Exercise details
Each line from the opening of the material through the line holding "A Dark Ali still" needs to be returned exactly, with the pictures left out.

The records
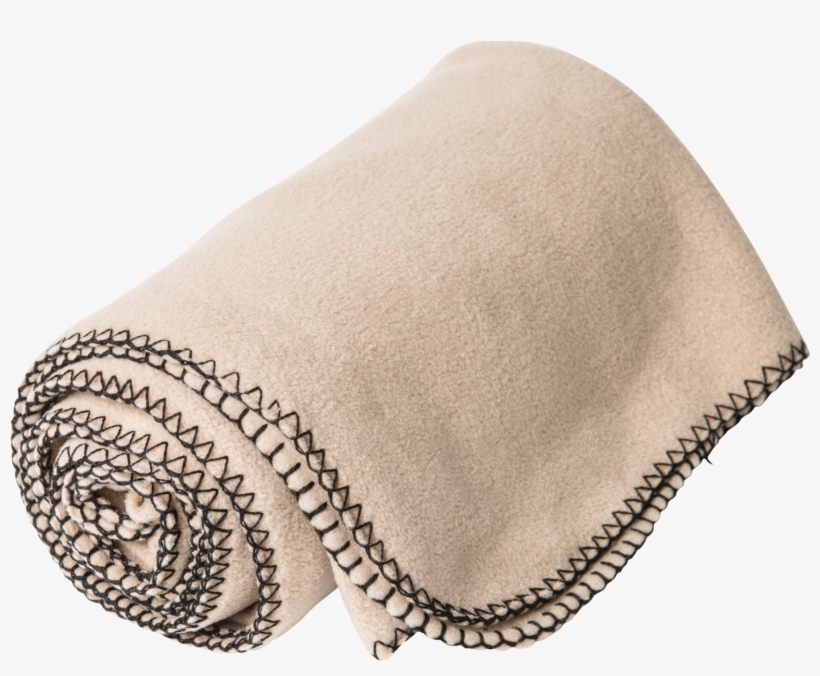 Blanket Png - Blanket Image Png, transparent png download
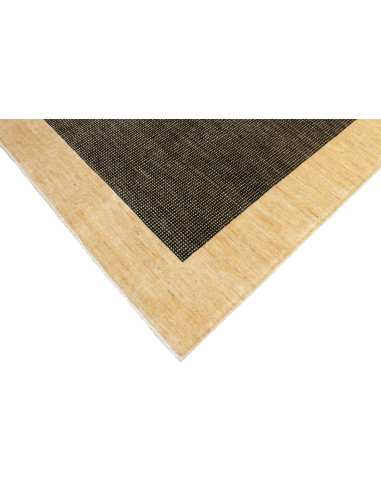 Tappeto Shayan Pakistan cm.174x246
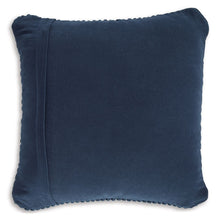 Load image into Gallery viewer, Renemore - Pillow
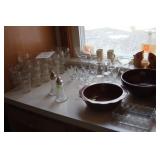 Mountainside Sale by EstateSalesByOlga.com 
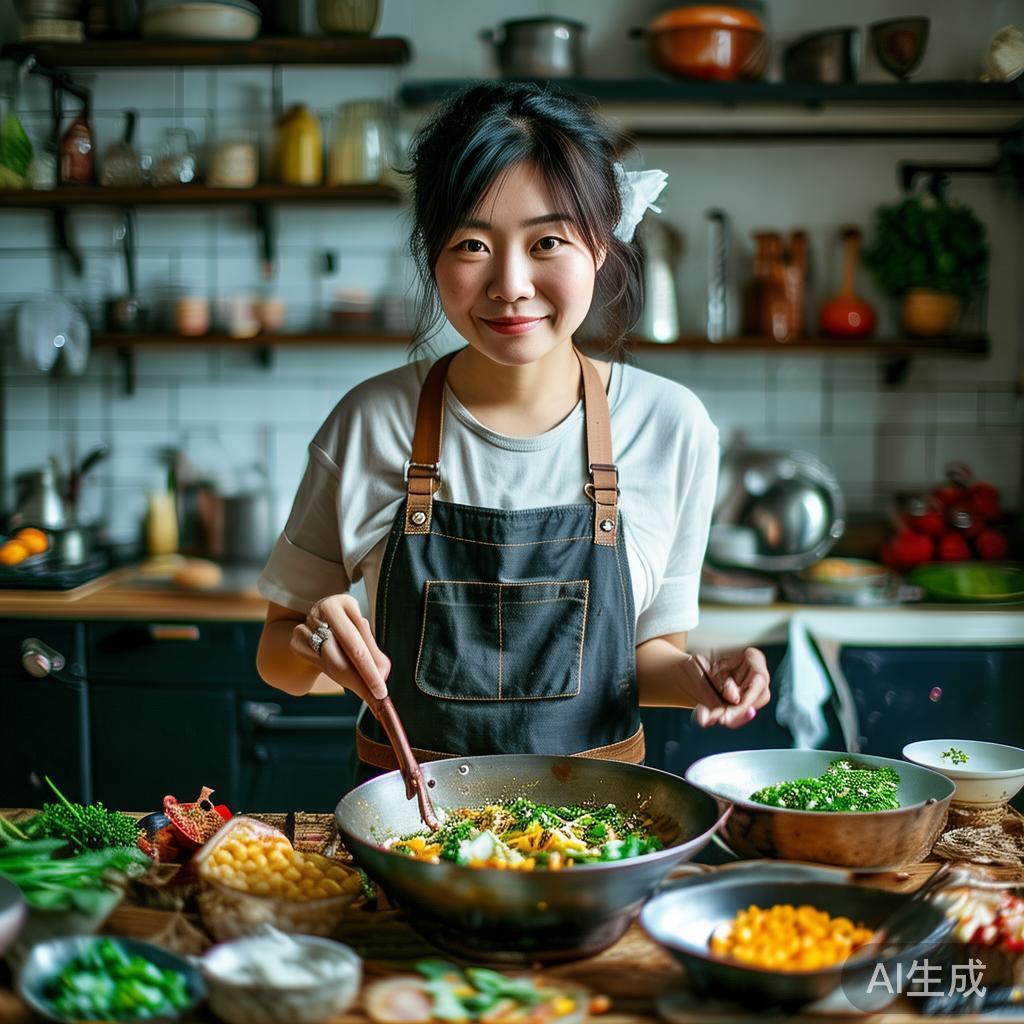 微信视频号如何使用?插图1 微信视频号如何使用?插图1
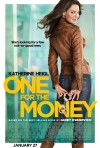 0-One-for-the-money.jpg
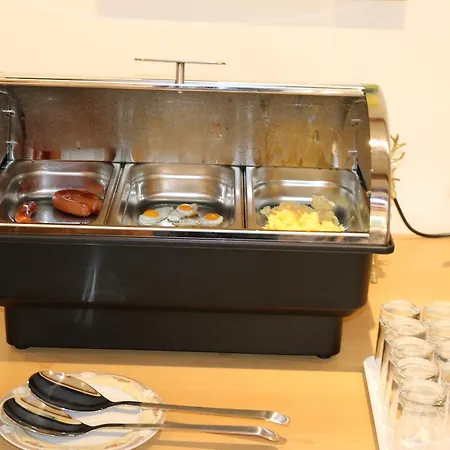 Wellness Hollaus Pensionat Kirchberg in Tirol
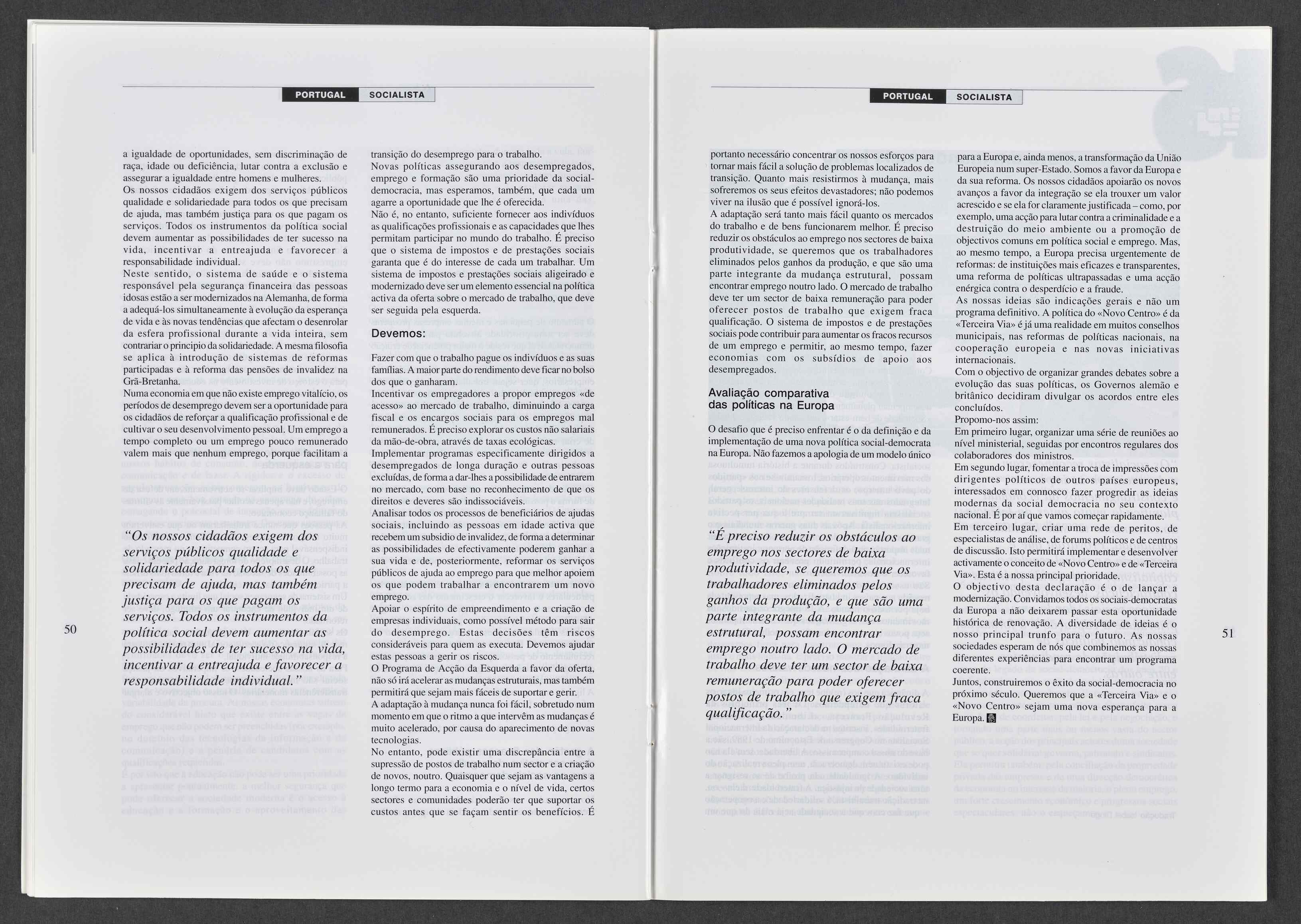 12272.008- pag.27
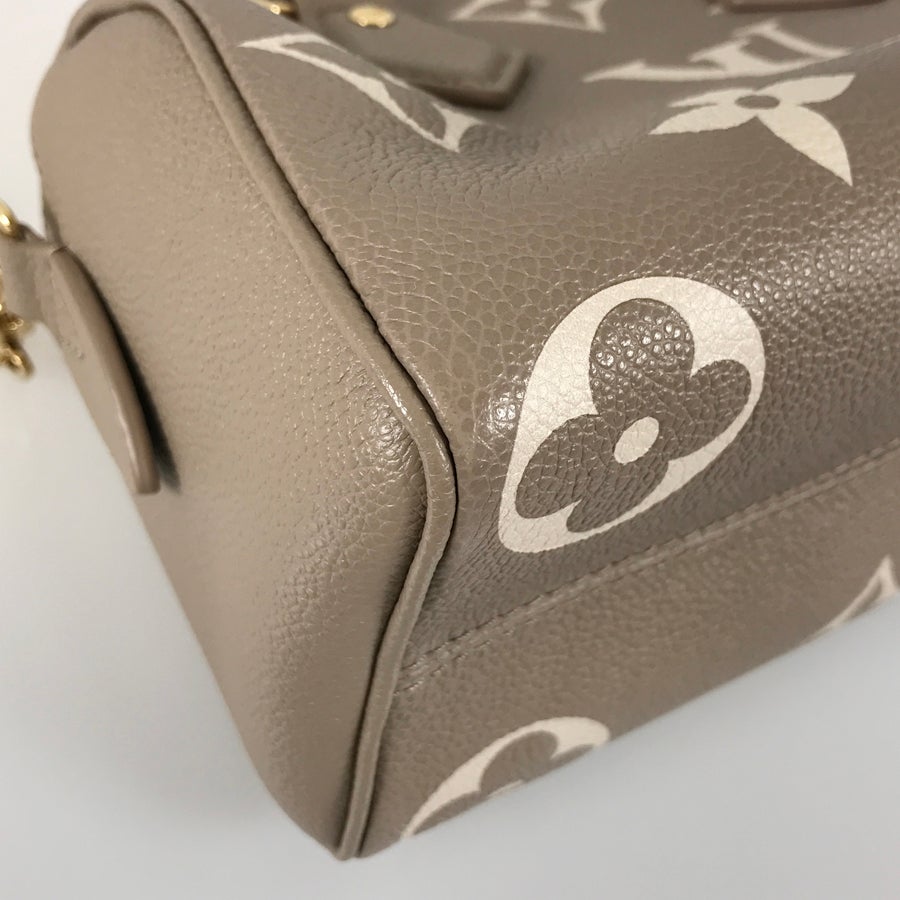 ルイ・ヴィトン ハンドバッグ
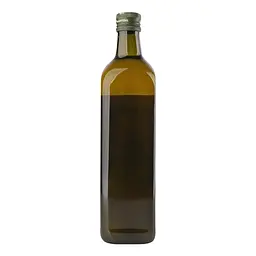 Олія Fratelli Mantova рисова 750 мл (969942) - мініатюра 4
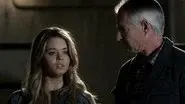 A Dark Ali still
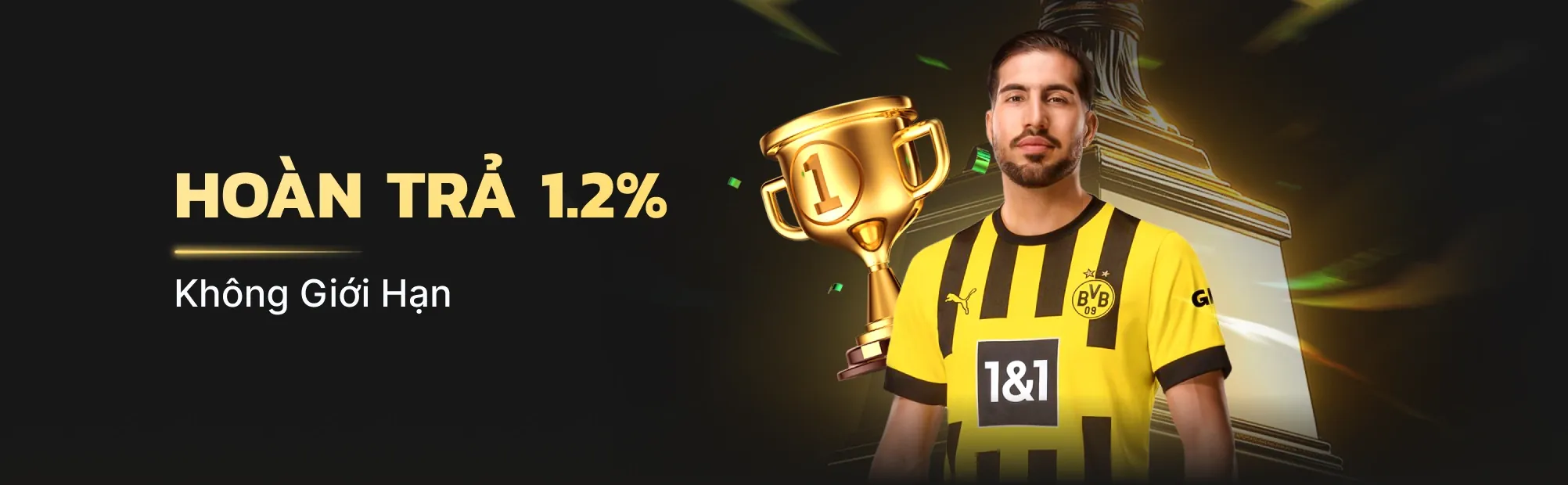 Hướng dẫn tải ứng dụng k88 bet cho iOS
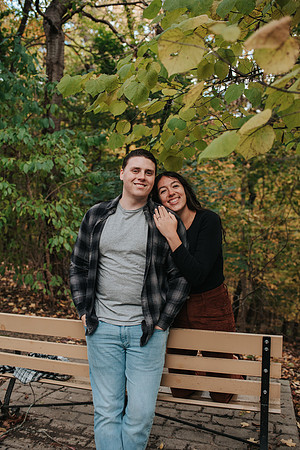 SH-Engagement-95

Task result
 Blanket Png - Blanket Image Png, transparent png download
 Tappeto Shayan Pakistan cm.174x246
 Load image into Gallery viewer, Renemore - Pillow
 Mountainside Sale by EstateSalesByOlga.com 
 微信视频号如何使用?插图1 微信视频号如何使用?插图1
 0-One-for-the-money.jpg
 Wellness Hollaus Pensionat Kirchberg in Tirol
 12272.008- pag.27
 ルイ・ヴィトン ハンドバッグ
 Олія Fratelli Mantova рисова 750 мл (969942) - мініатюра 4
 A Dark Ali still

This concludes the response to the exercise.